En 1975, les nettoyeuses de l’Université Catholique de Louvain (UCL) se sont battues pour de meilleures conditions de travail et un meilleur salaire. Elles ont même viré leur patron. Elles ont créé leur société coopérative.  Comment cela a-t-il pu être possible ?

Dans les années 1970, on les appelait des nettoyeuses ou des femmes de ménage. Aujourd’hui, on les appelle des est techniciennes de surface. En 1975, elles sont une cinquantaine à travailler dans la société « ANNICK ». C’est une société de nettoyage en contrat avec l’Université catholique de Louvain pour nettoyer les locaux de l’université. Les femmes travaillent dans des conditions difficiles pour des très petits salaires.

En 1975 donc, l’UCL décide de faire des économies sur les coûts de nettoyage. La société va alors envoyer moins de travailleuses à l’UCL. On envoie les autres travailleuses sur un autre chantier,  à une heure de trajet de chez elles. Elles ont des familles, des enfants, ce n’est pas possible pour toutes de passer 2 heures par jour sur les routes. C’est la goutte d’eau qui fait déborder le vase.

Elles se mettent en grève. Au début, c’est juste pour protester contre cette décision de les envoyer loin de chez elles. Elles se réunissent, elles discutent de leurs revendications en réunion syndicale. Le syndicat et les ouvrières demandent des rendez-vous avec la direction pour négocier. Cela se fait en temps de grève. Au bout de 2 semaines, leur patron ne réagit pas.

Alors, cette idée un peu folle va naitre… Et si elles créaient leur propre coopérative de nettoyage autogérée ? Ce serait une société où chacune serait à la fois patronne ET travailleuse. Dans les années 1970, il y avait pas mal de luttes sociales et il y avait aussi pas mal d’expériences de coopératives. C’était un peu dans l’air du temps, mais tout de même ! Ces nettoyeuses ne sont pas du tout formées à ça. Elles ne connaissent rien en gestion d’entreprise, en comptabilité, etc. Par contre, elles connaissent bien leur boulot et l’organisation de leur boulot.

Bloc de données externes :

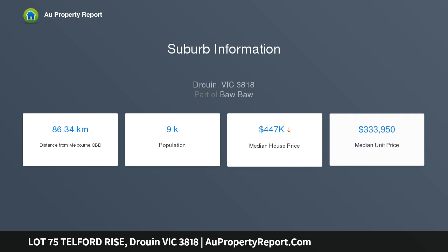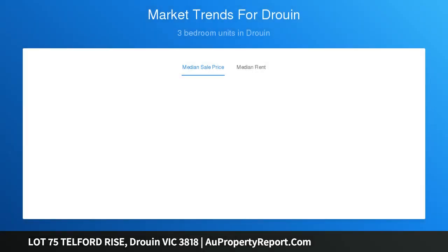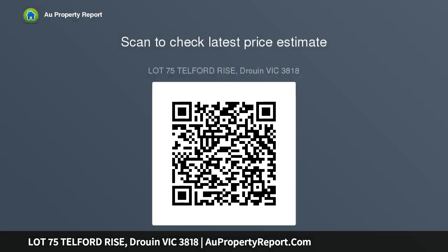Set amongst an established and growing community, while also being only an hour and 10 minutes from Melbourne and gateway to beautiful Gippsland, Grand View Drouin provides the perfect opportunity for buyers to establish their families within a thriving community set to grow, with millions of dollars already invested for the future.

Pour créer la coopérative, les travailleuses rencontre beaucoup de difficultés. Cela les rend encore plus solidaires. Le syndicat CSC les aide pour tout ce qui est législatif et administratif. Ce projet fou devient une réalité ! Elles adressent une lettre de licenciement à leur patron. C’est symbolique, bien sûr, on ne peut pas virer un patron. Mais par cette lettre, elles font savoir qu’elles se libèrent, elles-mêmes, de l’autorité de leur patron.  Voici cette lettre:

« Monsieur,

Réunies depuis une semaine dans des groupes de travail et en assemblée générale, les ouvrières de feu votre firme ont constaté ce qui suit :

Tout d’abord, nous constatons, après une étude approfondie de notre travail, que nous pouvons parfaitement l’organiser entre nous, nous en concluons donc que vous êtes inutile et parasitaire.

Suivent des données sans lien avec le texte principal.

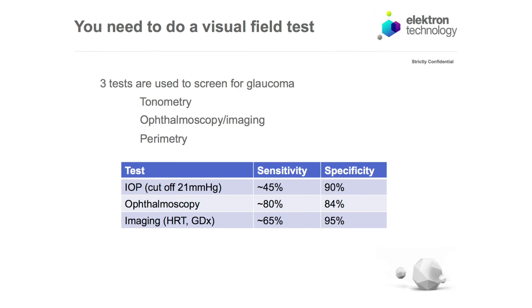When you screen for glaucoma you can do three things. You can look at the intraocular pressure — raised intraocular pressure is a risk factor for glaucoma but it's not part of the diagnosis. You can look at the back of the eye for changes using an ophthalmoscope or an imaging device, and you can do perimetry.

Ensuite, nous découvrons que votre rôle principal a été de nous acheter notre force de travail à un prix négligeable pour la revendre à prix d’or à l’UCL. Nous en concluons que vous n’étiez pas seulement inutile mais également expert en vol légalement organisé. Enfin, nous nous rendons compte à quel point vous nous aviez dressées les unes contre les autres afin de mieux nous exploiter. Nous sommes au regret de vous signifier votre licenciement sur le champ pour motif grave contre vos ouvrières. Le reste de nos décisions ne vous regardent plus.

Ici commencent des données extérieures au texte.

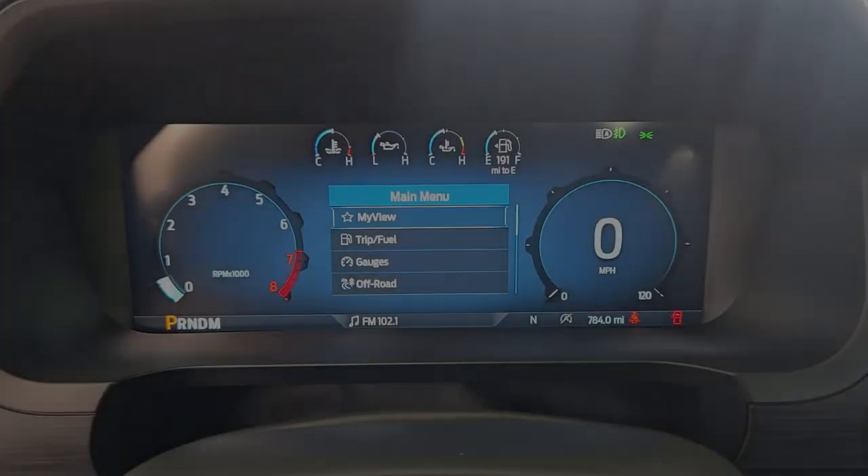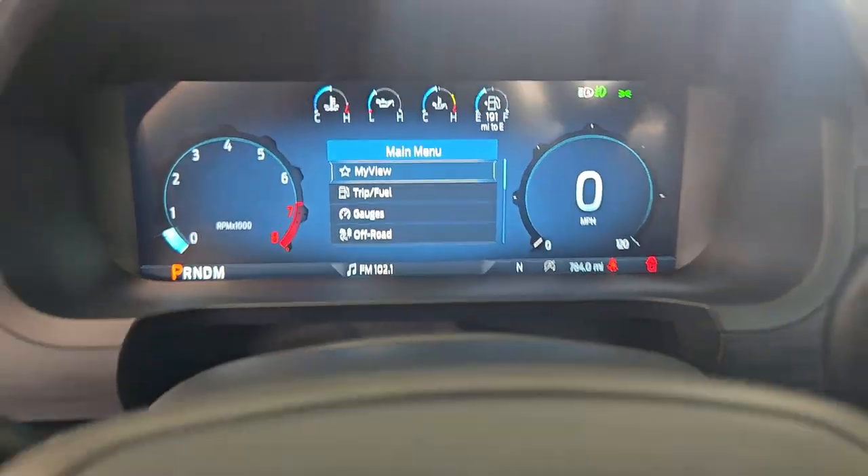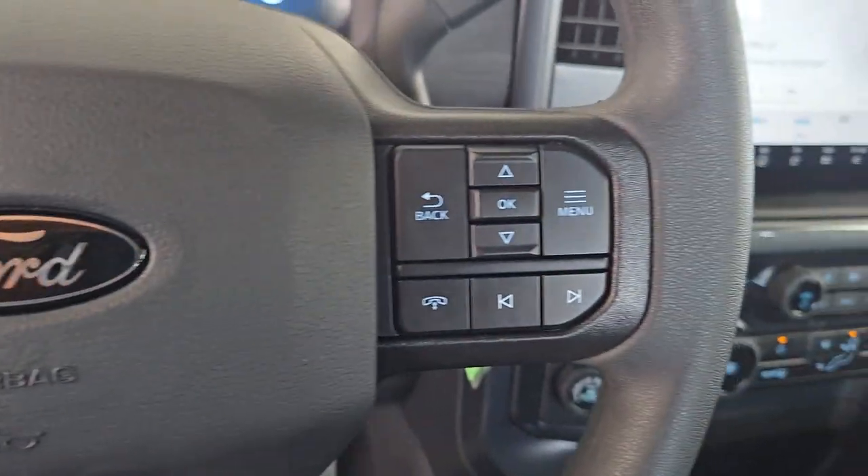Don't miss the opportunity to get into this F-150, the pickup that's at the head of its class. Our team will give you an outstanding test drive experience. Stop in today.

Nous vous prions d’agréer, Monsieur, nos salutations autogérées,

Les ouvrières de feu la société Annick

Grâce au soutien du syndicat, elles créent leur coopérative: Le balai libéré. A partir de là, les travailleuses s’autogèrent. Chaque ouvrière participe à la gestion et à l’organisation de « l’entreprise ». C’est un fonctionnement démocratique : une personne, une voix. Elles gèrent les contrats, l’organisation du travail, les tâches,… et leur salaire. D’ailleurs, la première chose qu’elles ont fait, c’est d’augmenter leur salaire pour avoir un salaire digne. L’aventure durera 14 ans!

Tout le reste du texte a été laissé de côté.